(Records from a data source)
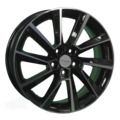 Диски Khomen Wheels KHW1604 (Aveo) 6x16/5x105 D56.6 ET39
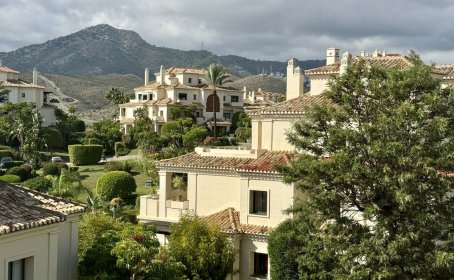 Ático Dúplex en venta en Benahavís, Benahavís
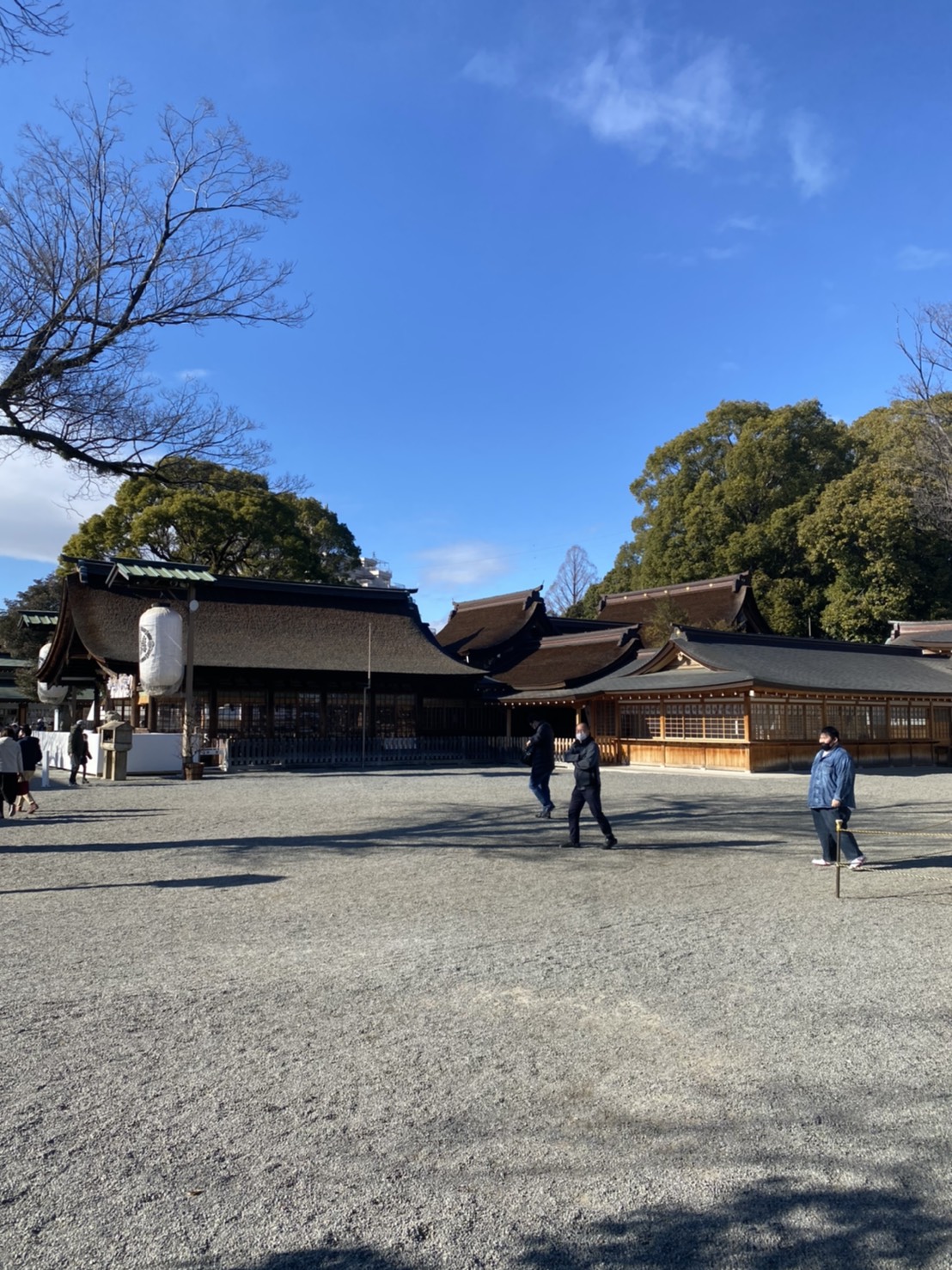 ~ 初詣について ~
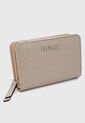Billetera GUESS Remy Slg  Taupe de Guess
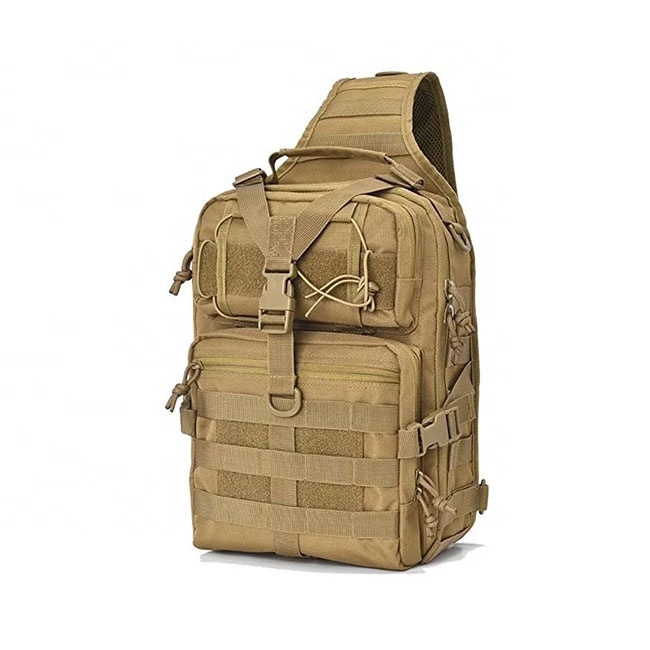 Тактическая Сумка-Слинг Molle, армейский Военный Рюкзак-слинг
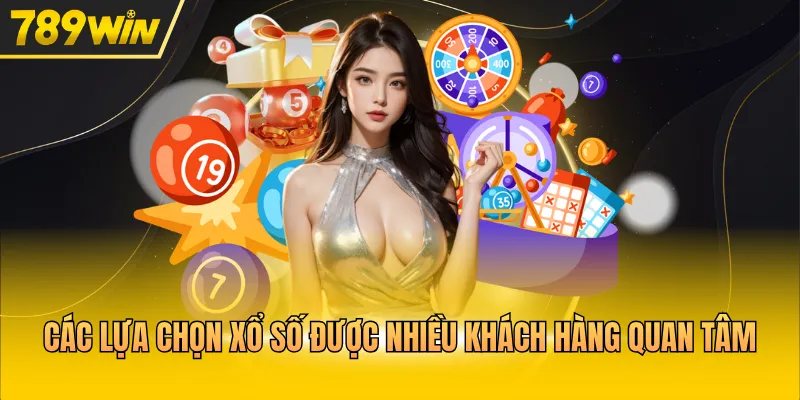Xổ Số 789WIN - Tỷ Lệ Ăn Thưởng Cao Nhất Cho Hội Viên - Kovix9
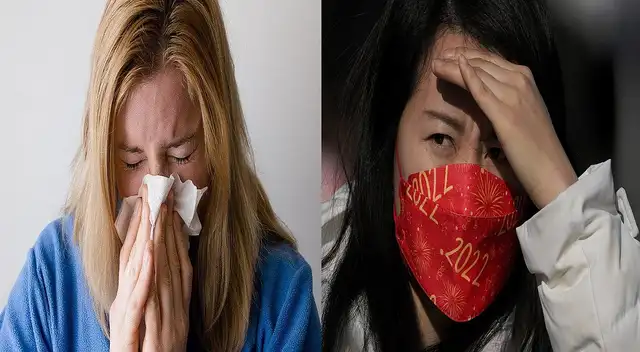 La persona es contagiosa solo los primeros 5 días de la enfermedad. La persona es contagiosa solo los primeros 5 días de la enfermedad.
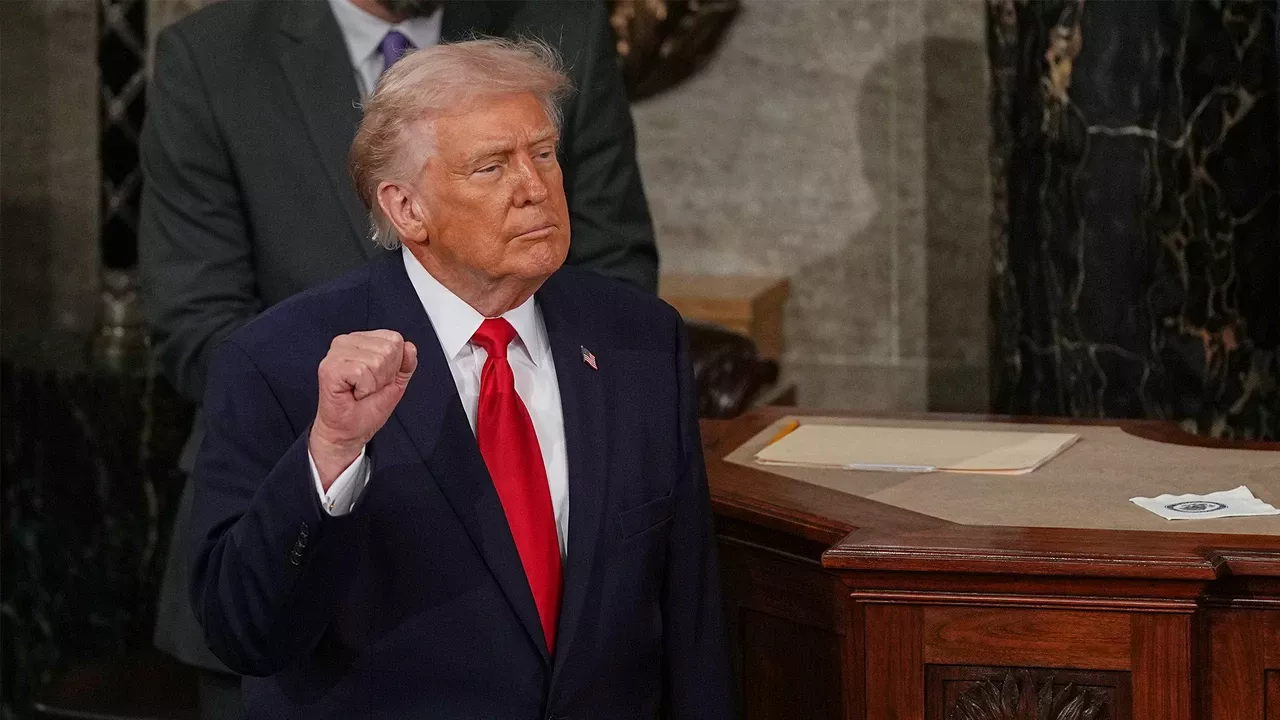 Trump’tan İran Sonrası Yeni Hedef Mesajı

WHAT IS EXPECTED> The copy starts at the line holding "Тактическая Сумка-Слинг Molle, армейский" and ends at the last line of the records above. Transcribe those lines exactly, pictures excluded.

COMPLETED EXERCISE>
 Тактическая Сумка-Слинг Molle, армейский Военный Рюкзак-слинг
Xổ Số 789WIN - Tỷ Lệ Ăn Thưởng Cao Nhất Cho Hội Viên - Kovix9
 La persona es contagiosa solo los primeros 5 días de la enfermedad. La persona es contagiosa solo los primeros 5 días de la enfermedad.
 Trump’tan İran Sonrası Yeni Hedef Mesajı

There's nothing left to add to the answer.